Re: punctuation search... using ascii
by Errto (Vicar) on Jan 30, 2006 at 02:53 UTC

    At first reading, the reason is because you're using one global hash %wordHash whereas what you actually want to do is use a fresh hash for each line you read in the input. At least, I think so. If I'm right then the solution is to put the line

    my %wordHash;
    right inside your outer while loop. I also doubt that your inner loop does what you really want it to, but I'm not sure.

    Which brings me to my main point. I'm sorry to be blunt, but this needs to be said. When you are asking for help on an Internet forum, a terrible way to go about it is to say "you can kinda guess what im trying to do." Instead, say what you're trying to do clearly and concisely, then show the code. When you do that, your friendly readers may notice something about your code that's not going to work, based on your stated purpose. But without that stated purpose, we have no idea whether the code is "working" or not. So please help us out.

    Update: One other thing.
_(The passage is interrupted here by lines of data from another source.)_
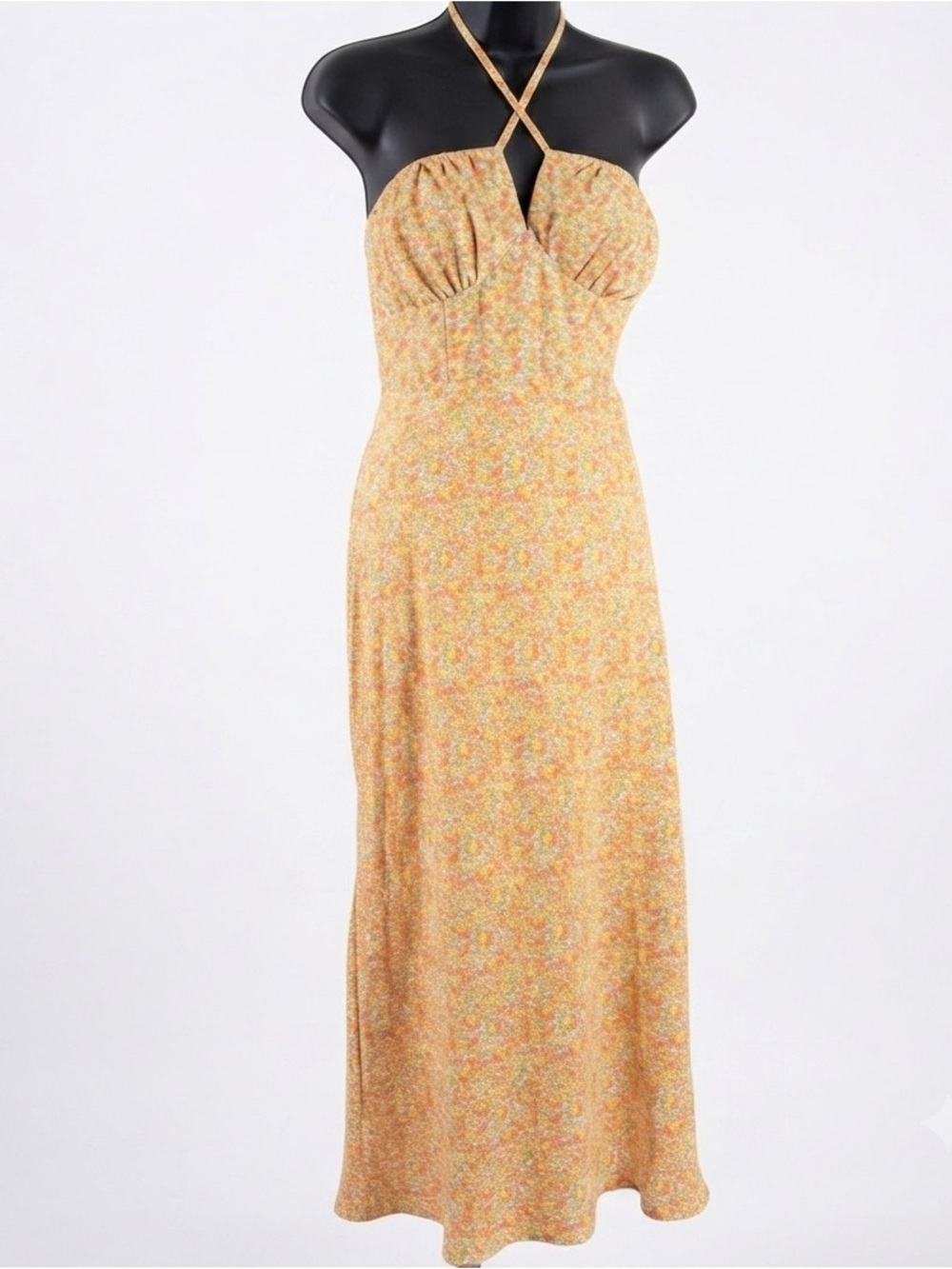 Le Lis an orange and yellow micro-floral halter midi/maxi dress xs d3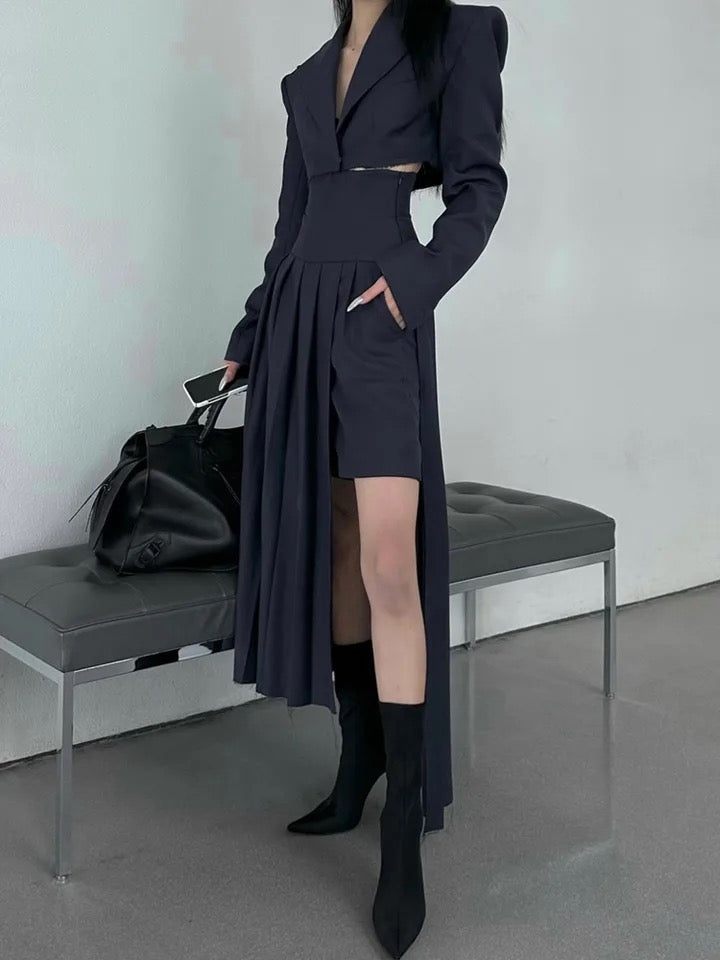 Blazer top pleated skirt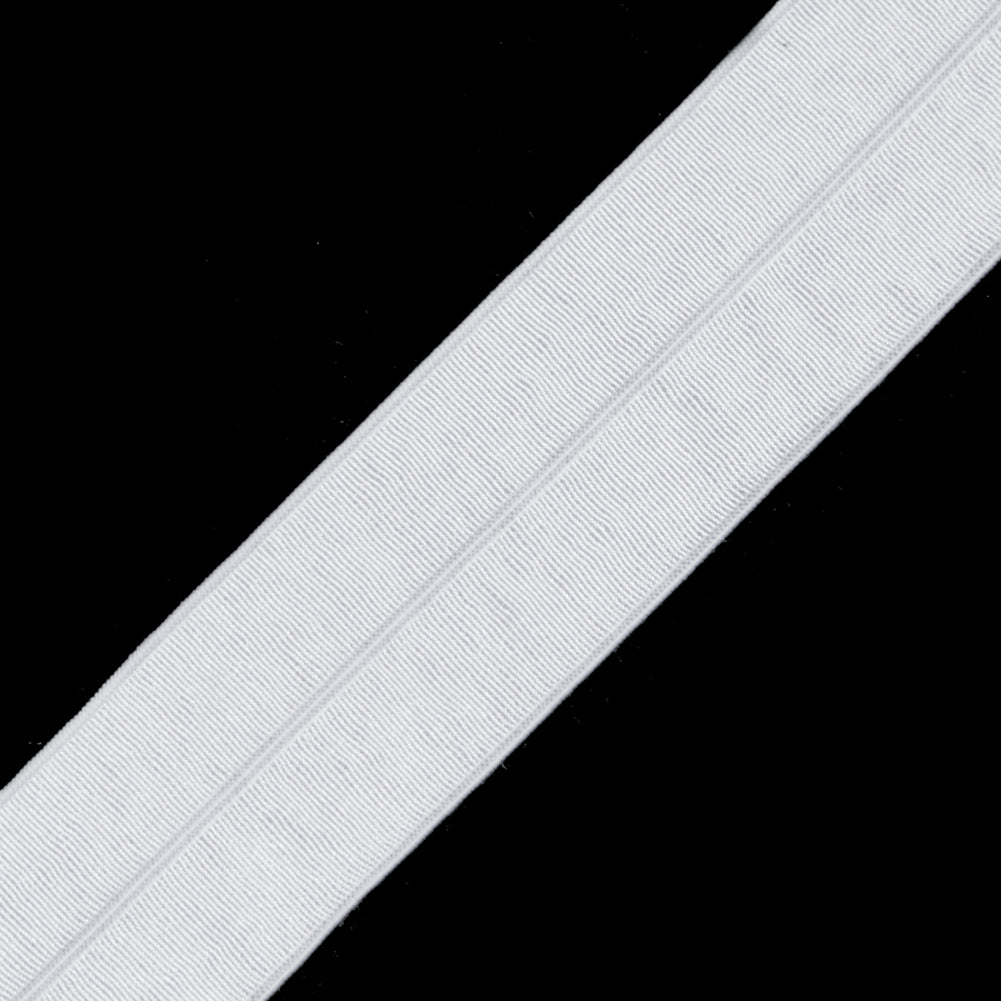 Italian White Stretch Foldover Elastic - 0.75 - Detail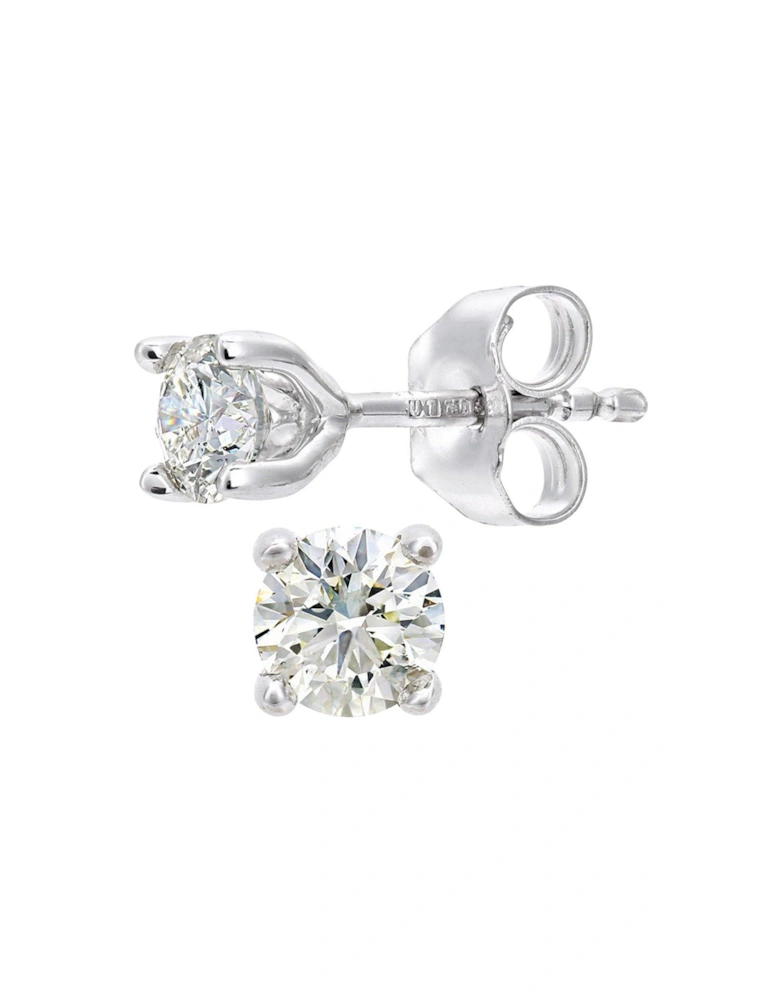 18ct White Gold 50 Point Diamond Solitaire Earrings
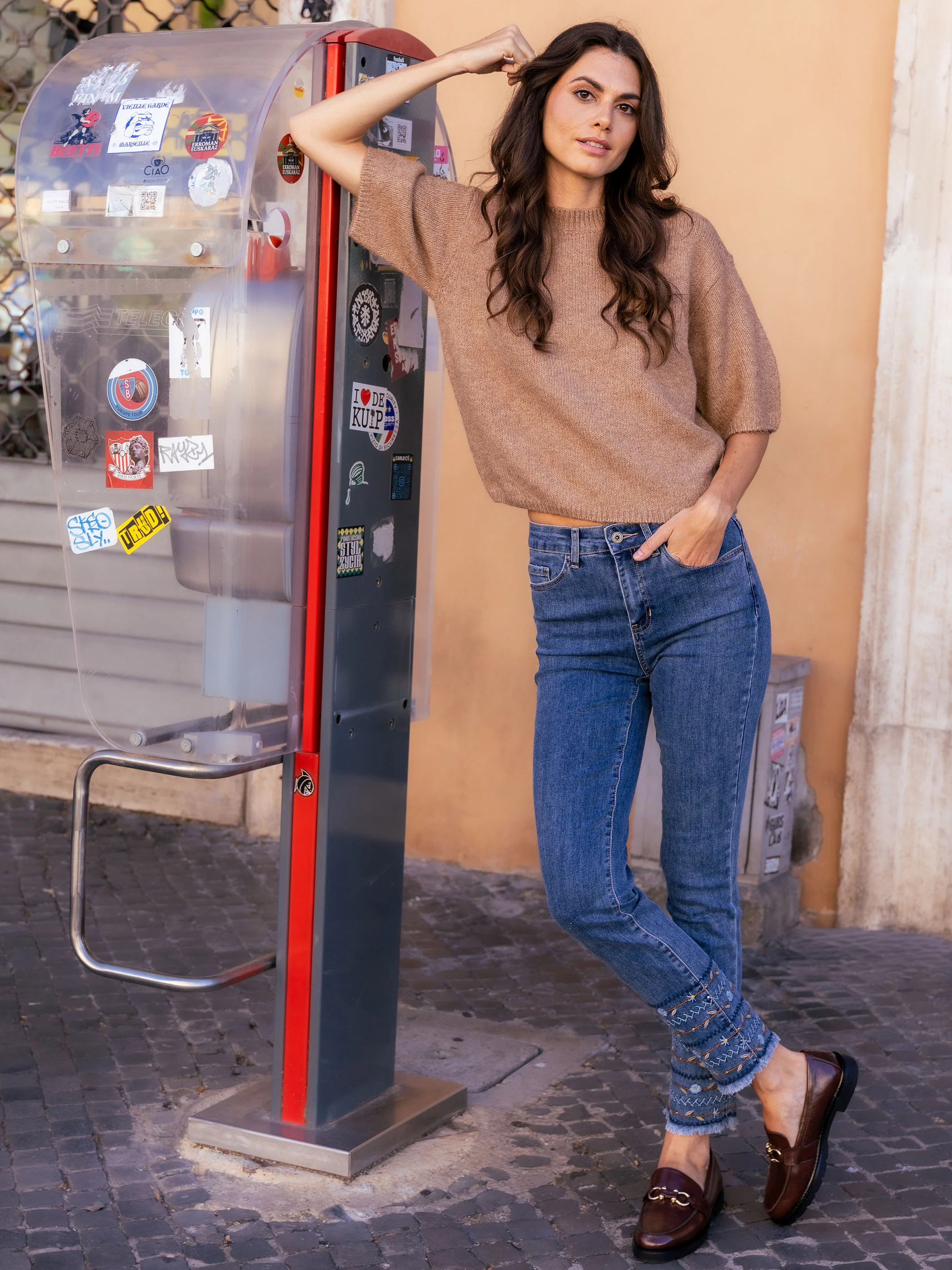 Embroidered Hem Jeans - Medium Blue - Image 7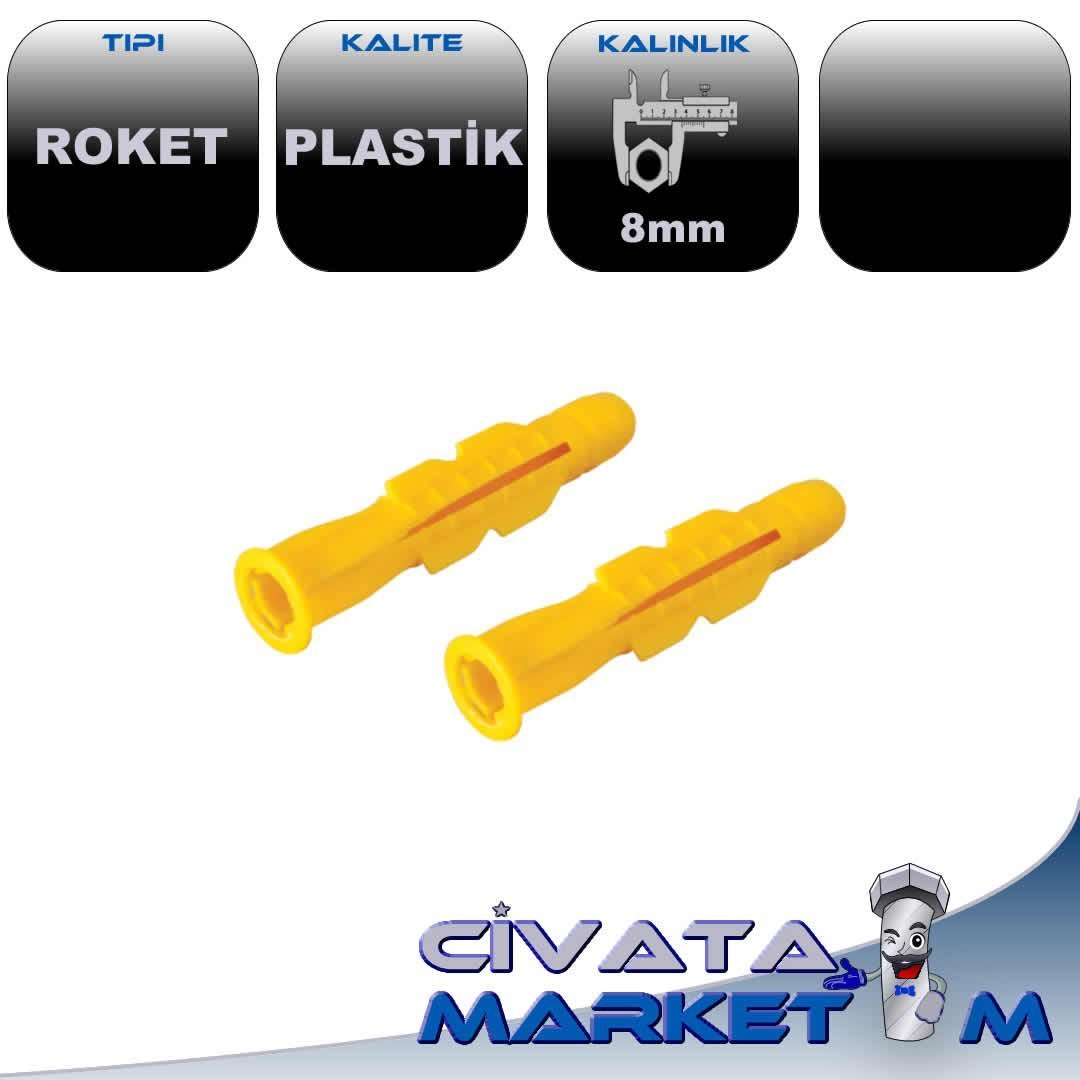 8MM SARI ROKET DÜBEL
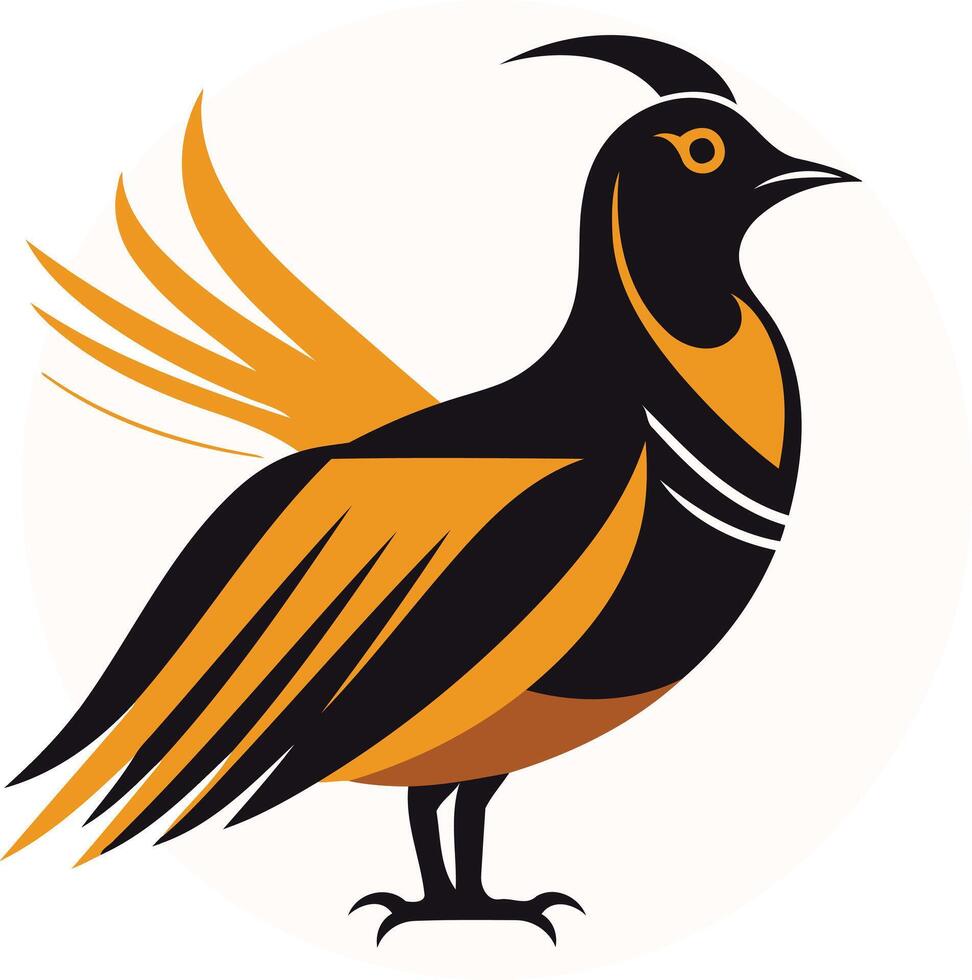 A stylized illustration of a bird with black and orange feathers, ideal for logos, branding, and nature themed designs vector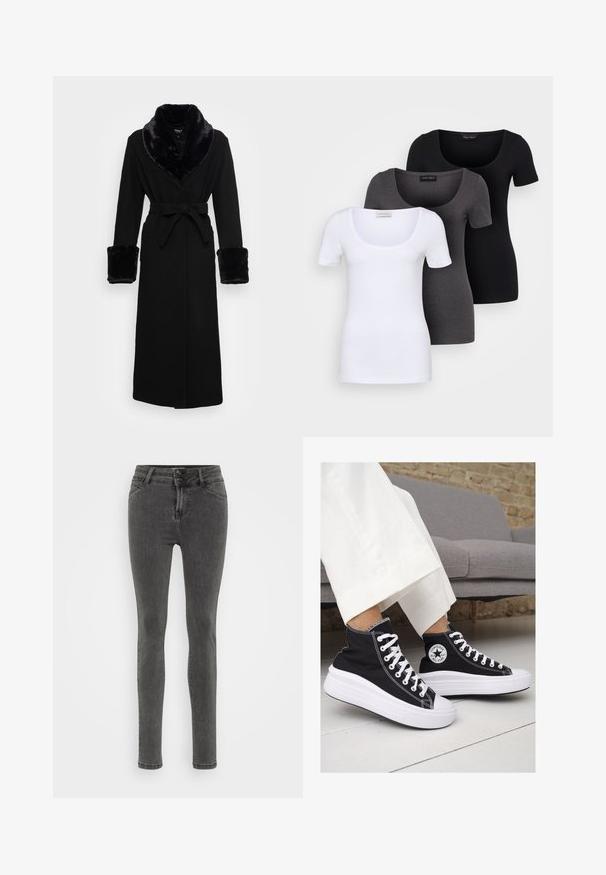 Crna haljina s ovratnikom i manžetama od umjetnog krzna, s pojasom u struku, dugim rukavima i ravnim rubom. Glatka tekstura, elegantan dizajn.; Tri fitted T-shirtovi u bijeloj, sivoj i crnoj boji. Svaki ima široki izrez na vratu i kratke rukave. Napravljen od glatkoga, rastezljivog materijala.; Mršave sive traperice od denima, s visokim strukom, zatvaranjem na dva gumba i minimalnim detaljima šivanja za elegantan izgled.; Crne platnene visoke tenisice s bijelim gumiranim potplatima i vezicama. Imaju kružni logo sa strane i kontrastne bijele šavove.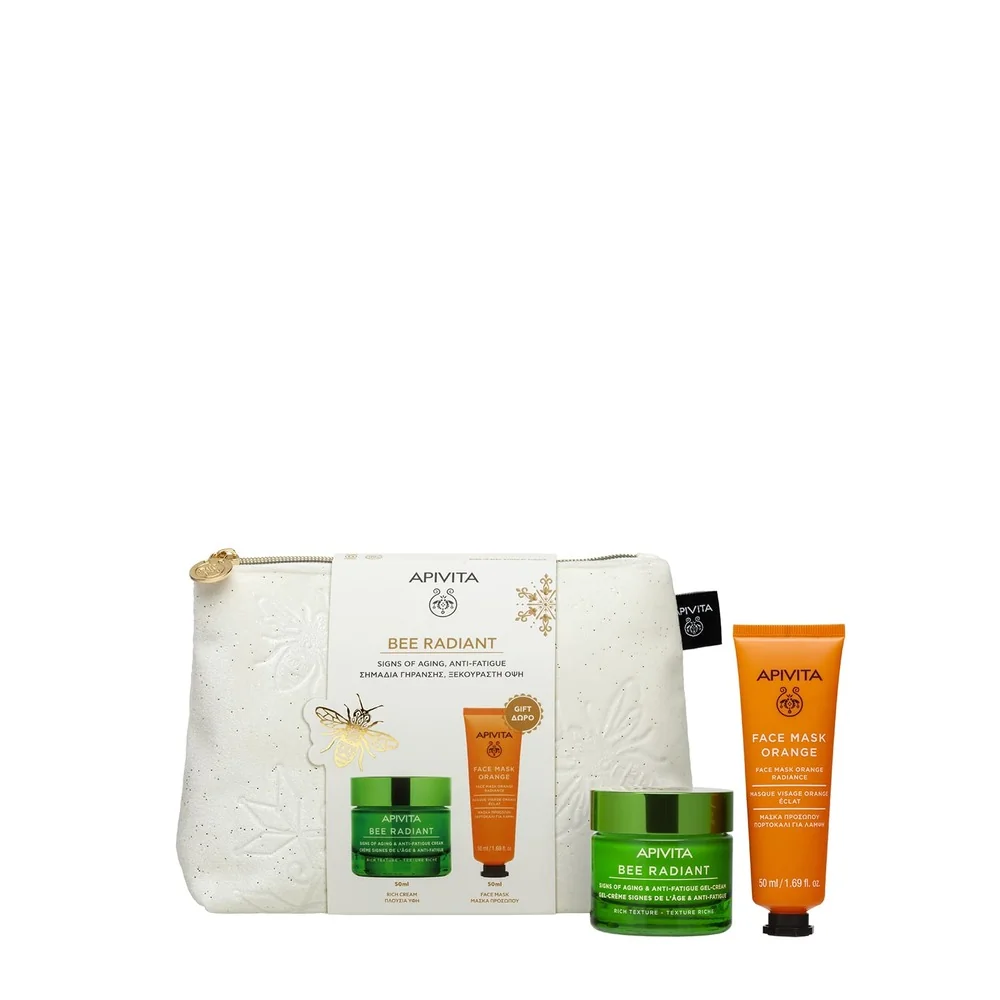 Apivita Bee Radiant Cofanetto 2025 Crema Segni dell'età e Anti-Fatica - Texture Ricca + Maschera Illuminante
The way you're adding elements to the array, using $i, will work but I strongly encourage you to use push instead because it's clearer and less likely to have errors.

Re: punctuation search... using ascii
by GrandFather (Saint) on Jan 30, 2006 at 02:46 UTC

    Perhaps you should tell us what you are trying to do. What you should do though is use strict; use warnings; and then explicitly declare your variables so that you and the compiler and we all understand what the various variables' scopes should be. I suspect that once you have done that you will then add some code to reset various variables, perhaps at the top of the main loop. But because I can't guess exactly what you want to do, you will have to figure that out for yourself :)


    DWIM is Perl's answer to Gödel
Re: punctuation search... using ascii
by japhy (Canon) on Jan 30, 2006 at 02:48 UTC
    My guess is that you're not clearing the %wordHash hash for each line of the file.
    while (<DATA>) { my %wordHash; ... }
    should do the trick, I think.

    Jeff japhy Pinyan, P.L., P.M., P.O.D, X.S.: Perl, regex, and perl hacker
    How can we ever be the sold short or the cheated, we who for every service have long ago been overpaid? ~~ Meister Eckhart
Re: punctuation search... using ascii
by McDarren (Abbot) on Jan 30, 2006 at 02:40 UTC
    you can kinda guess what im trying to do...

    erm, wouldn't it be better if you just told us?
    I mean - when was the last time you jumped in a taxi and said "hey, see if you can guess where I want to go!"

    please help...

    Sure... so what output are you expecting to see?

Re: punctuation search... using ascii
by rhesa (Vicar) on Jan 30, 2006 at 02:55 UTC
    What about moving that last while() out of the while(<DATA>) loop?